→ **WHAT IS BEING ASKED**:
Beginning at the line that contains "Terra & Sky- Floral Top, 3/4 Sleeves" and finishing at the line that contains "Anthropologie Somerset Maxi", output the data below exactly. Include both end lines and no pictures.

→ **SUPPLIED INFORMATION**:
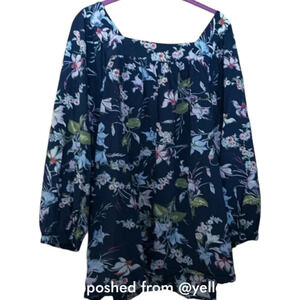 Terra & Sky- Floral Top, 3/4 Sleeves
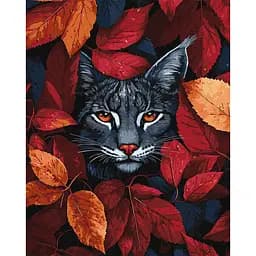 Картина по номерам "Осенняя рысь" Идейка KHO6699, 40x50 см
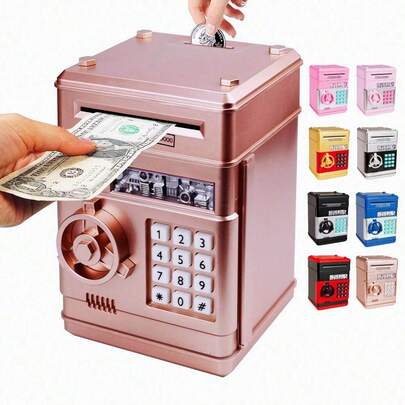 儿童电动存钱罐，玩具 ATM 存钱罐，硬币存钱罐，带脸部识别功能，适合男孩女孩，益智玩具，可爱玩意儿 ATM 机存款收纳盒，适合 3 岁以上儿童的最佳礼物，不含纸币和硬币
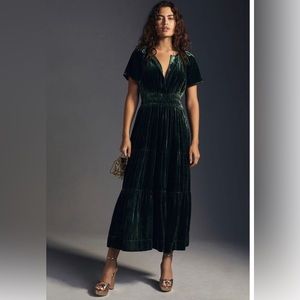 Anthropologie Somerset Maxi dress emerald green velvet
---
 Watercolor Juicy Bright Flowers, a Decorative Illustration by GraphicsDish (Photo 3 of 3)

→ **TASK SOLUTION**:
 Terra & Sky- Floral Top, 3/4 Sleeves
 Картина по номерам "Осенняя рысь" Идейка KHO6699, 40x50 см
 儿童电动存钱罐，玩具 ATM 存钱罐，硬币存钱罐，带脸部识别功能，适合男孩女孩，益智玩具，可爱玩意儿 ATM 机存款收纳盒，适合 3 岁以上儿童的最佳礼物，不含纸币和硬币
 Anthropologie Somerset Maxi dress emerald green velvet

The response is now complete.